• Work to be completed
Pictures excluded, copy all of the data below exactly.

• Information provided
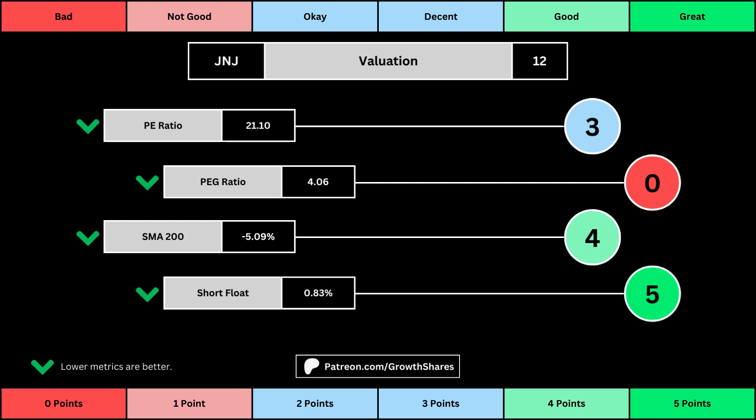We want that low because it means we have a cheaper stock price. And then, short float is basically how bearish other investors think of the stock. For these four metrics, we want the values to be as low as possible. That will give us a higher point total within the bubbles.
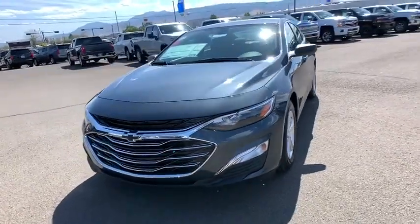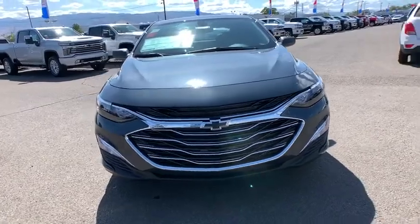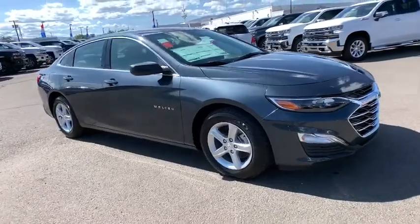Stop by and take a look at the 2020 Chevrolet Malibu, a combination of performance and fuel economy. The Malibu is a great commuting car. Here are some of this vehicle's great options.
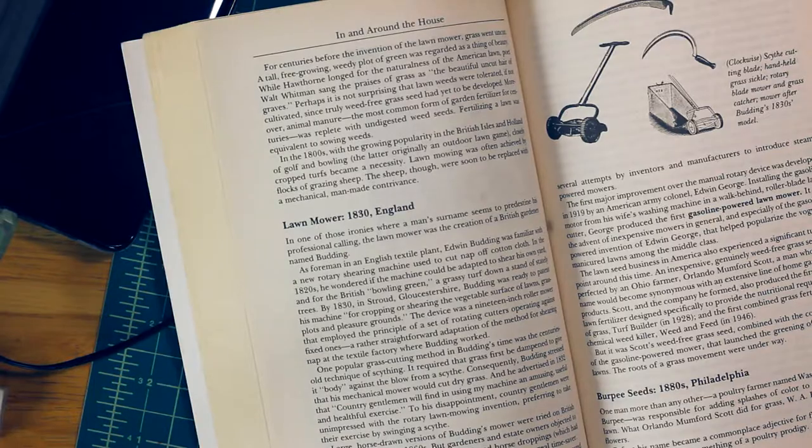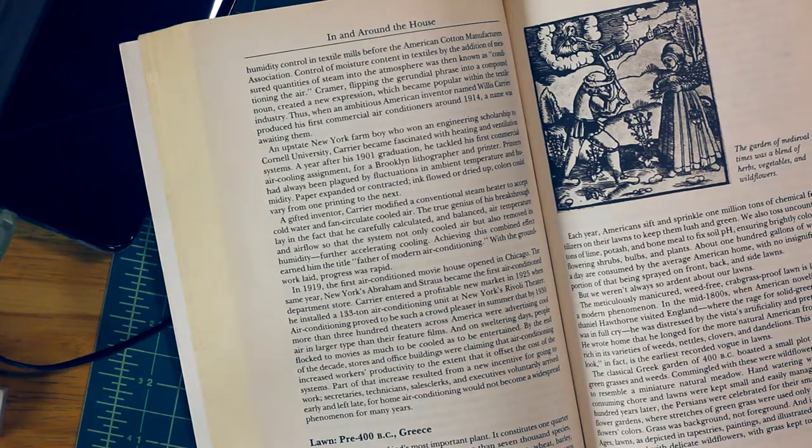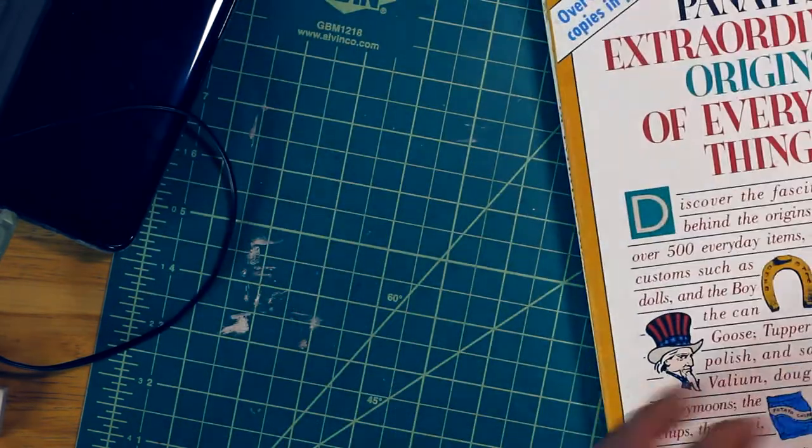I was recently thinking about this book, and I remembered that there's a funny story behind why we have uniform green lawns in the United States. The origin of lawns really starts out with the Greeks in about 400 BCE. They would keep a small section of land in front of their house really well manicured, with wildflowers and different types of grasses — meant to represent local landscapes and hillsides.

• Task response
We want that low because it means we have a cheaper stock price. And then, short float is basically how bearish other investors think of the stock. For these four metrics, we want the values to be as low as possible. That will give us a higher point total within the bubbles.
Stop by and take a look at the 2020 Chevrolet Malibu, a combination of performance and fuel economy. The Malibu is a great commuting car. Here are some of this vehicle's great options.
I was recently thinking about this book, and I remembered that there's a funny story behind why we have uniform green lawns in the United States. The origin of lawns really starts out with the Greeks in about 400 BCE. They would keep a small section of land in front of their house really well manicured, with wildflowers and different types of grasses — meant to represent local landscapes and hillsides.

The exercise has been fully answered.